Le discrasie di Fortuna
Per quanto riguarda, in particolare, Francesco Fortuna, l’ex killer della cosca che dallo scorso 30 agosto sta parlando con la Dda di Catanzaro, secondo l’accusa è da rilevare il fatto che Fortuna non riporti quanto potrebbe avere appreso dai verbali degli altri collaboratori e dagli atti di indagine (essendo egli stesso imputato in appello per lo stesso delitto) ma ha fornito elementi personali pur entrando, su alcuni punti, in discrasia con quanto dichiarato da Mantella. Due gli elementi di contrasto che spiccano maggiormente: la distruzione della pistola usata per il delitto e le motivazioni del delitto. Secondo Mantella, Arena e Barbieri, la vittima era intranea alle cosche di ‘ndrangheta e si sarebbe avvicinata a Domenico Di Leo, a sua volta ucciso da Francesco Fortuna (che ha una condanna definitiva per tale delitto) il 12 luglio 2004 a Sant’Onofrio perché in contrasto con i Bonavota per gli interessi sull’area industriale di Maierato.

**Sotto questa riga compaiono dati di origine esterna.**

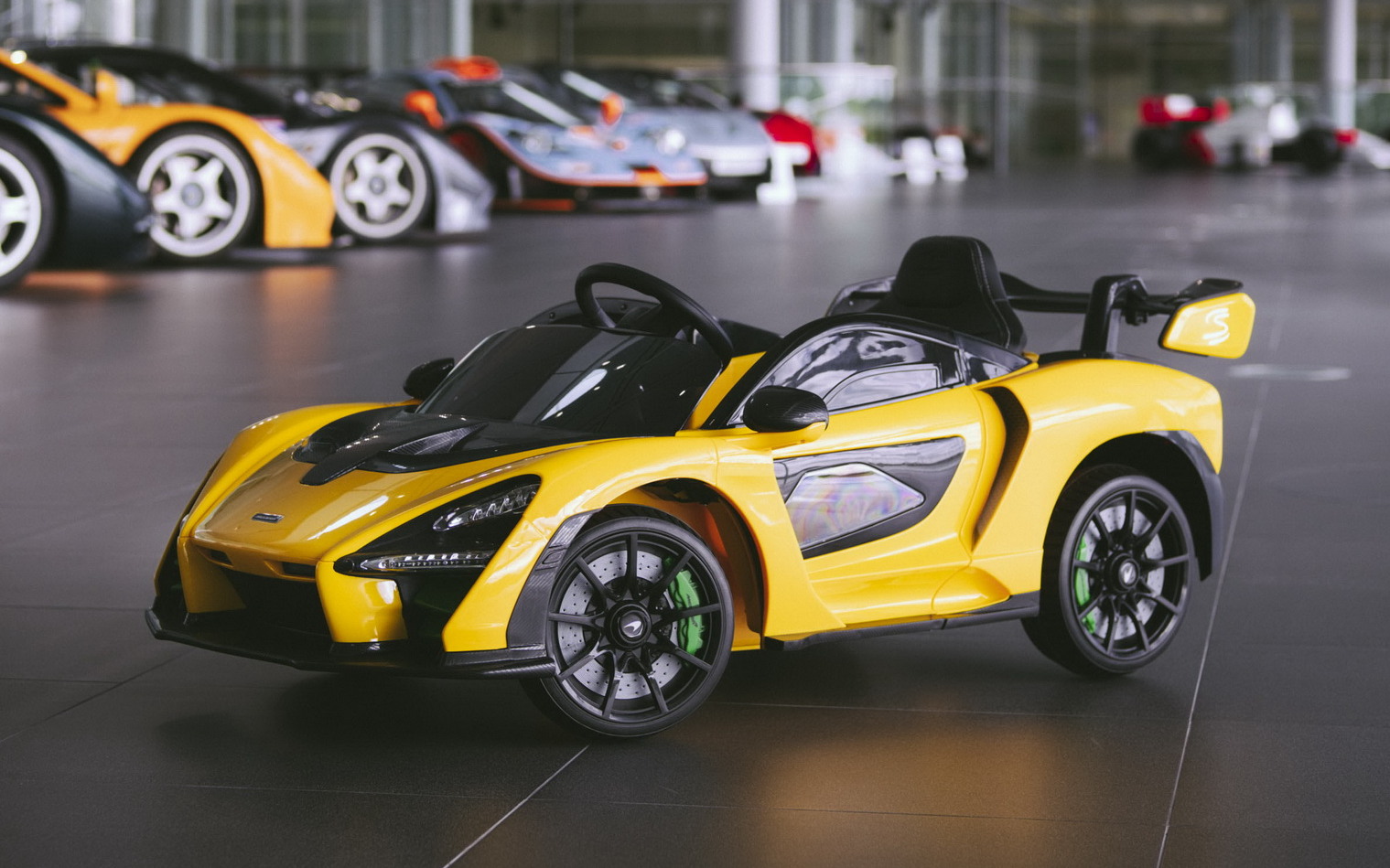 �������� McLaren Senna ���������� � ������� �������������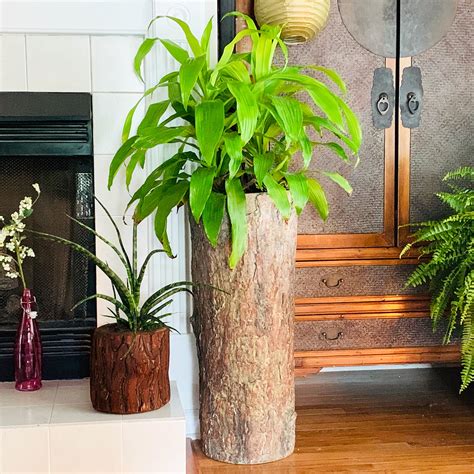 Country Corner Vintage Indoor Log Planter Stand Tall Plant Flower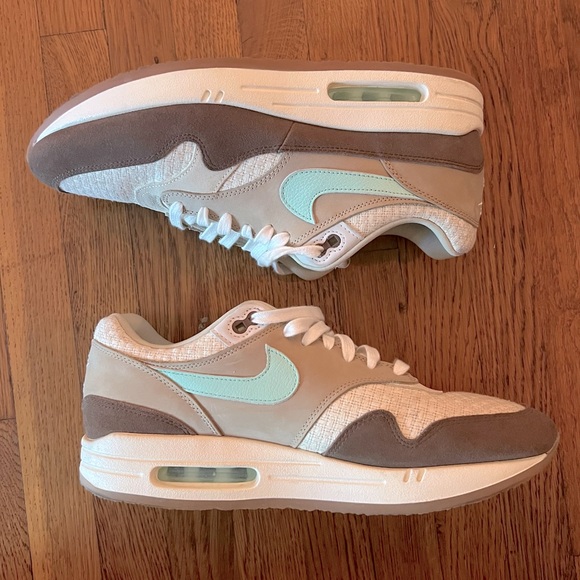 ✨NIKE | LIKE NEW Air Max Crepe Hemp Sneakers✨ - Picture 1 of 6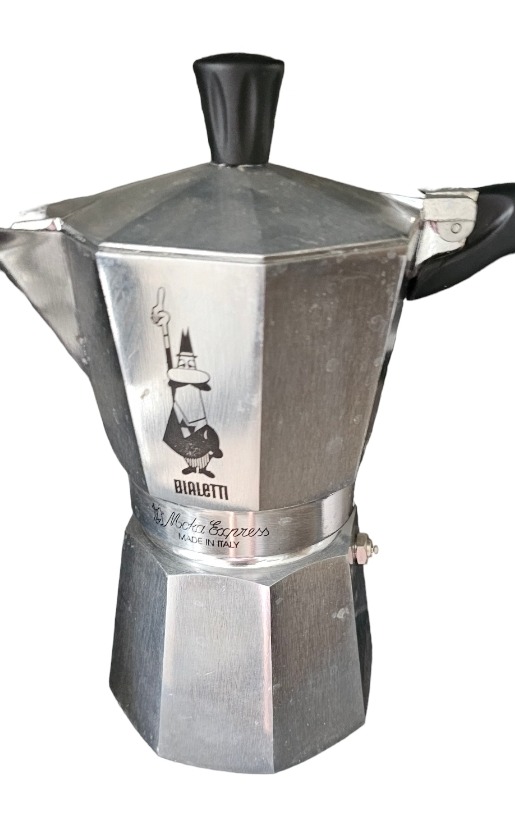 Bialetti Brikka 2 Cup Moka Pot, TV & Home Appliances, Kitchen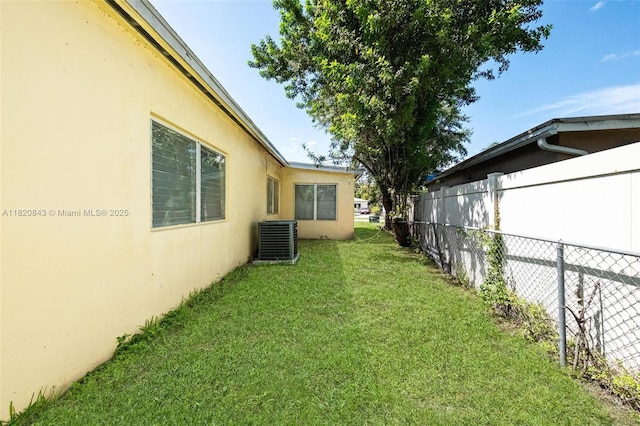 6428 Plunkett St, Hollywood, FL 33023 - view of yard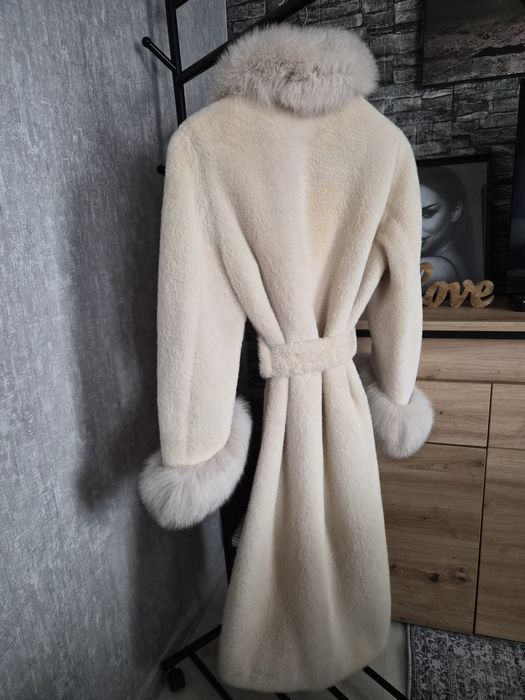 Луксозно дълго палто от естествен и богат косъм от лисица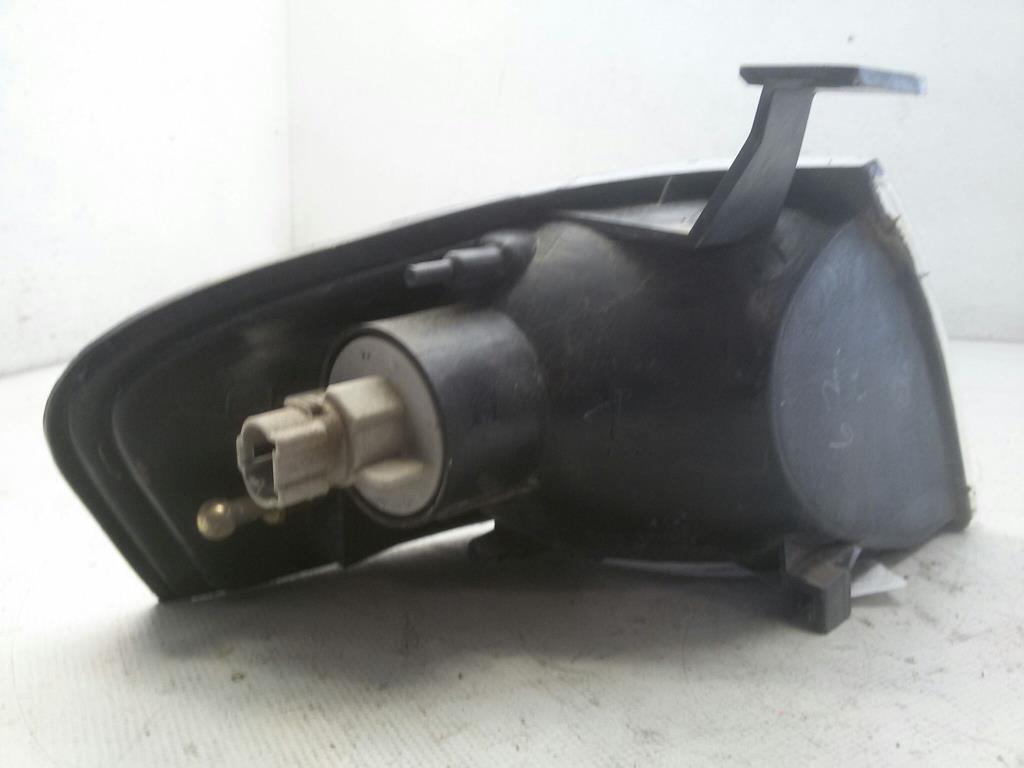 Mazda 323 Practical Blinker Blinkleuchte links vorn BJ1998 3türig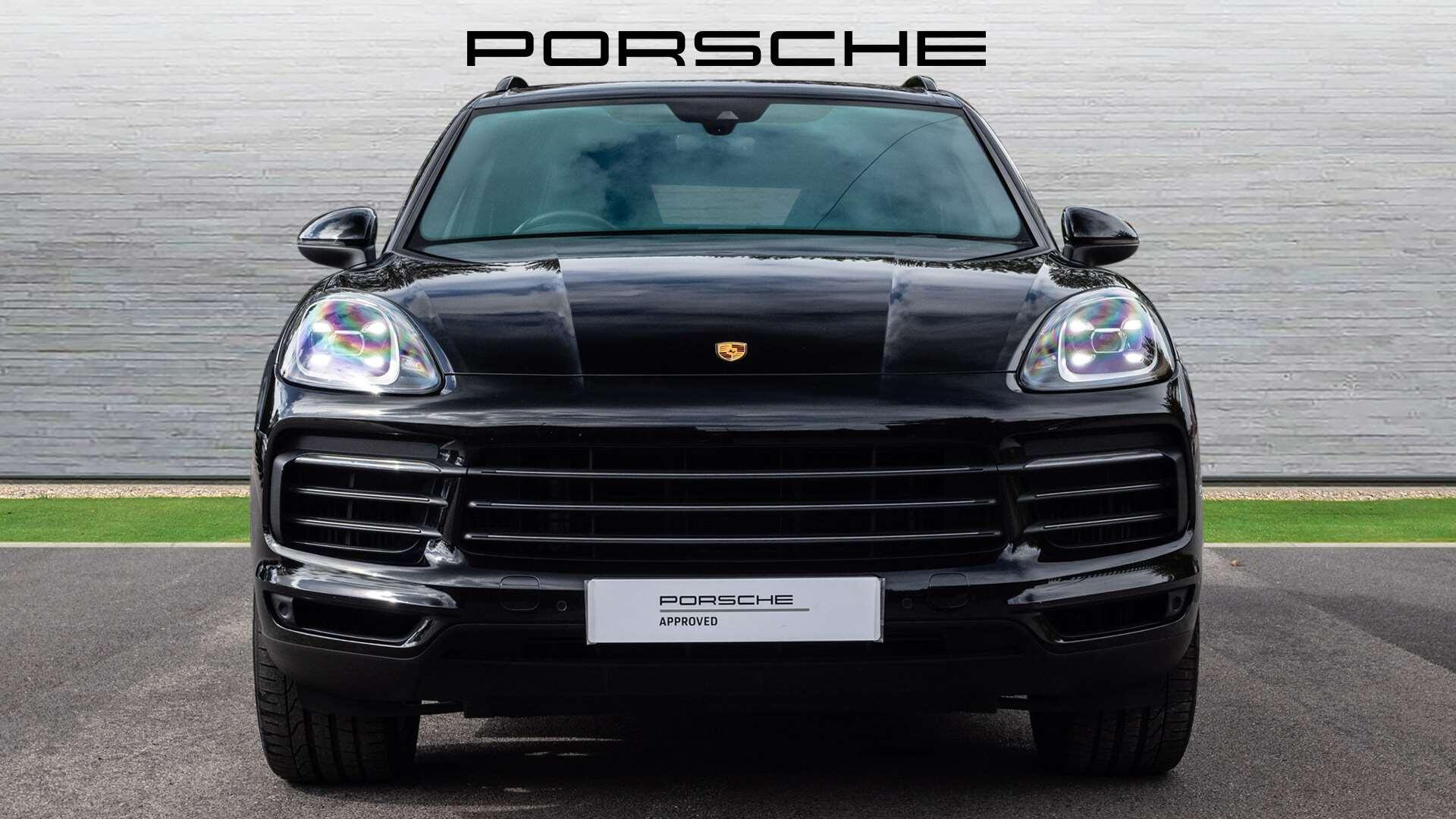 Porsche Cayenne view 9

Secondo Francesco Fortuna il delitto Belsito sarebbe da ricondurre esclusivamente a una questione d’onore: Belsito era legato da un rapporto extraconiugale con la sorella di un loro sodale.
Le conferme di Fortuna
Il pm si rivolge alla Corte: «Io so che si arriverà a una sentenza di condanna anche senza l’apporto di Francesco Fortuna. Che però è importante».
L’accusa, citando la Cassazione, fa notare come le discrasie di Fortuna siano «apparenti e fisiologiche». Al netto di queste, infatti, Fortuna «conferma il nucleo essenziale del costrutto probatorio». Conferma la volontà omicidiaria del gruppo Bonavota. Conferma la cortesia di eseguire l’agguato chiesta da Domenico Bonavota a Mantella. Conferma le riunioni propedeutiche per l’omicidio.
Le cause della morte di Belsito
Domenico Belsito non morì sul colpo perché, dice Fortuna, la pistola di Scrugli si inceppò. La vittima venne portata in ospedale e morì nel nosocomio di Vibo Valentia qualche giorno dopo.
La difesa di Andrea Mantella ha sostenuto, attraverso una ipotesi di consulenza, che la causa della morte di Belsito sia dovuta anche alla negligenza dei sanitari che ebbero in cura il ferito.
Ma la perizia sulle cause della morte, afferma l’accusa, «dice altro». Citando la Cassazione il pm afferma che anche se intervengono elementi successivi, non cambia la natura del reato: «Belsito è stato sparato».
Processo senza parti civili
In questo processo «nel quale non c’è alcuna costituzione di parte civile», il pm De Bernardo ricorda le parole di Andrea Mantella che rammaricandosi di quello che ha fatto afferma oggi «Io ho ucciso la mia vita». «È pesante sentire – dice De Bernardo – le parole di persone che hanno compromesso la propria esistenza». La giustizia, però, deve fare il suo corso.